The same research states that among the biggest challenges of the past year for software development teams has been a need for clarity and resources for priorities - 32% of teams citing this as their most critical need to achieve goals moving forward.
The need and demand for data to better understand resource needs, processes, and team dynamics is clear. Still, interpretation of that data will ultimately decide the winners and losers here. We know that a confluence of both quantitative and qualitative data will guide the most robust systemic improvements.
Every CIO has a team and a limited amount of time. The challenge is to drive the most significant business impact from engineering efforts. Jellyfish helps to align these micro and macro measures and empowers a data-driven engineering organization to better invest in high-priority projects, reduce unplanned work, and increase the throughput of engineering effort.
In 2023, teams using an Engineering Management Platform (EMP) and a data-driven approach:
Devote 47% of their efforts to growth and innovation work (31% more than their non-EMP counterparts).
Increase visibility into what work is being done by 46%.
Deliver more software faster.
Source: Jellyfish State of Engineering Management report (2023)
By combining transparency and data, companies gain a deeper understanding of the unique workflows that comprise their SDLC processes. This demystifies R&D motions to their business stakeholders and unlocks a more strategic conversation about the relative tradeoffs of projects and resources.
At HashiCorp, we practice a mantra of “workflow over technology.” Progressively, we are driven to help platform teams achieve systemic improvement to delivery, not just in terms of speed but improved risk disposition and cost. However, it is common to find that some of the changes we introduce shift costs from one place to another or require pre-paying in automation upfront to reduce downstream operations costs. While we see tremendous successes with our customers, we find gaps in our understanding of the broader impact of our automation work at scale. As we work with folks like the brilliant teams at Jellyfish, we hope to understand the macro impact of the automation and workflow efforts that drive Platform Team value. If we automate the delivery of “Landing Zones” in a cloud vendor, we will improve some costs and governance. However, if Mean-time-to-deliver (idea to production) remains flat, we must have missed a bottleneck elsewhere in the software delivery chain (maybe networking?). How do we find that bottleneck? We cannot rely on purely human perceptions. Those feelings are essential but are much more helpful when balanced against quantitative data.
Conclusion
Beyond technical proficiency and cost awareness, we need to be more precise on what dollars are good dollars to spend vs. wasteful.

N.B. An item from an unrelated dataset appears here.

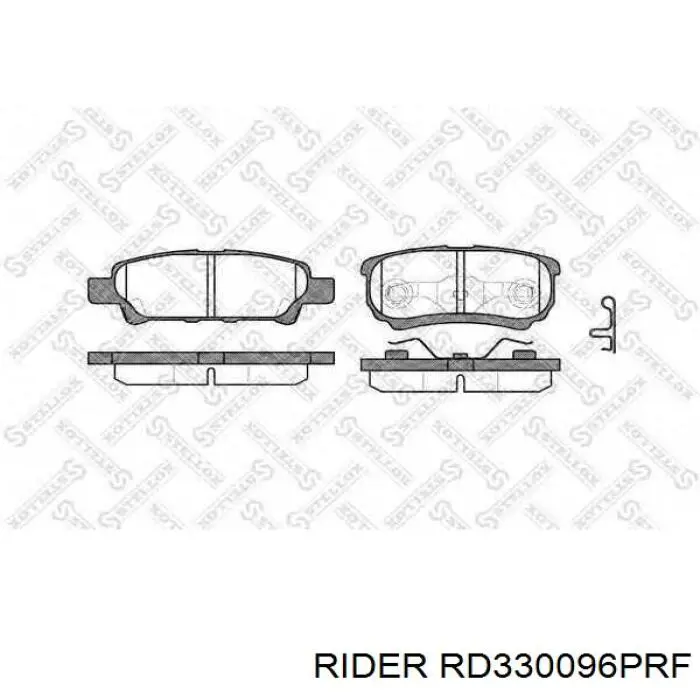 RD.330096PRF Rider pastillas de freno traseras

In IT, we are inundated with an ocean of possibilities for improvement (in the Army, we called it a “target-rich environment”). How do we prioritize and choose where the dollars should flow? Our teams have many ideas and are emotionally committed to many paths. However, a clear view of what dollars already produce value and how new dollars could improve our outcomes will help mitigate our lousy decision-making. Does having good data mean we will stop making bad decisions? Certainly not. But it will help us recognize where we are producing waste and reduce the time to create a new opportunity.
As we consider the central role of the platform team, consider carefully how you measure and incent the team to drive optimization. Without clear goals and measures, these teams likely fall to picking favorite technologies rather than the most effective ones.